Ben zeytinyağlıları genelde soğanı ayrıca kavurmadan pişiriyorum, hatta zeytinyağının bir kısmını da en sona saklarım.

Soğanlar piyazlık şekilde ay ay doğranır. pırasaların yaprakları ayrılır ve sap kısımları istenilen şekilde dilimlenir. balkabağı ufak ufak dilimlenir. bu  malzemeler tencereye alınır. kinoa 1 su bardağı ıcak suda 10 dk kadar bekletiilir ve su ile beraber tencereye ilave edilir. tuz, kimyon ve karabiber eklenir ve son olarak 1 yemek kaşığı zeytinyağı ile kısık ateşte 20-25 dk pişirilir. ocaktan alınan yemeğin biraz ılıması beklenir ve üzerine 2 yemek kaşığı sızma zeytinyağı gezdirilir.

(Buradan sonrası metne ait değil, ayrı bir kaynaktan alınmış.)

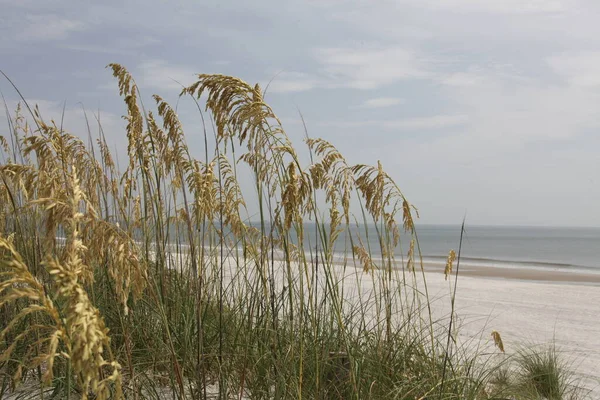 플로리다 해변에 귀리의 — 스톡 사진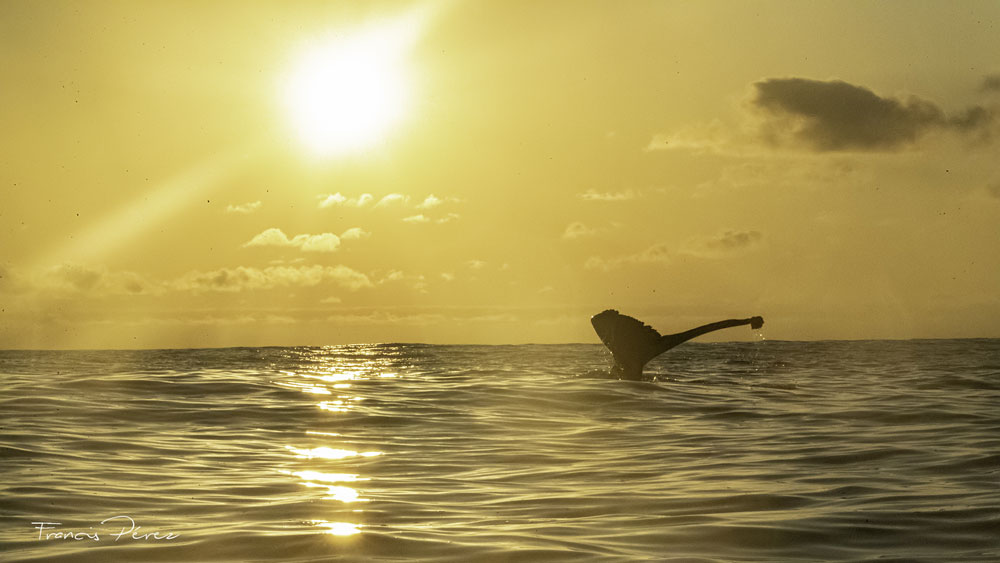 Puesta de sol en la isla Chañaral donde una ballena jorobada (Megaptera novaeangliae) muestra su majestuosa aleta caudal antes de una inmersión ©Francis Pérez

Bunun resmini çekmişim (sol üst), hatta sağ üstte de tencere içinde balkabağı çorbasını görebilirsiniz.



Resimde gördüğünüz diğer iki yemek de zeytinyağlılarımdan örnekler ama balkabağı ile ilgileri yok.

Peki şimdi balkabağı ile işimiz bitti mi? evde hala biraz var açıkcası ve de benim evimde bu cumartesi erken yılbaşı partisi yapıyoruz. geri kalan kabakları da orada cezerye olarak değerlendireceğim.

Bunun için de araştırmalarım sonucu aklımdan geçen tarif şu :

Balkabaklı cezerye:

malzemeler:
1/3 kg bal kabağı
1 paket eti burçak bisküvi (bu tatlıyı havuçla yapanlar bilir ki genelde petibör kullanılır, ancak burçak bisküvinin daha besleyici ve lezzetli olduğunu düşündüm)
3-4 kaşık toz şeker (yine havuçla yapanlar bilir ki şeker miktarı daha yüksek olur, ancak kabağın tatlılığı ve burçak düşünülürse bu miktar yeterli olur)
dövülmüş ceviz
hindistan cevizi

balkabağı 1 su bardağı su ve şeker ile yumuşayıncaya kadar kaynatılır ve soğumaya bırakılır. sonra balkabağı çatalla ezilir ve içerisinde ufalanmış burçak bisküvi ve dövülmüş ceviz ilave edilir. karışımdan minik toplar yapılarak hindistan cevizine bulanır ve kürdan ile servis edilir. sanırım görüntüsü de aşağıdaki gibi bir şey olacaktır:

Bal Kabaklı Cezerye


Bir sebzeden bu kadar farklı tatlar çıkması gerçekten çok ilginç. hazır mevsimi iken bol bol değerlendirmek lazım zira buzlukta sulanan bir sebze olduğu için mevsim dışı kullanımı zor.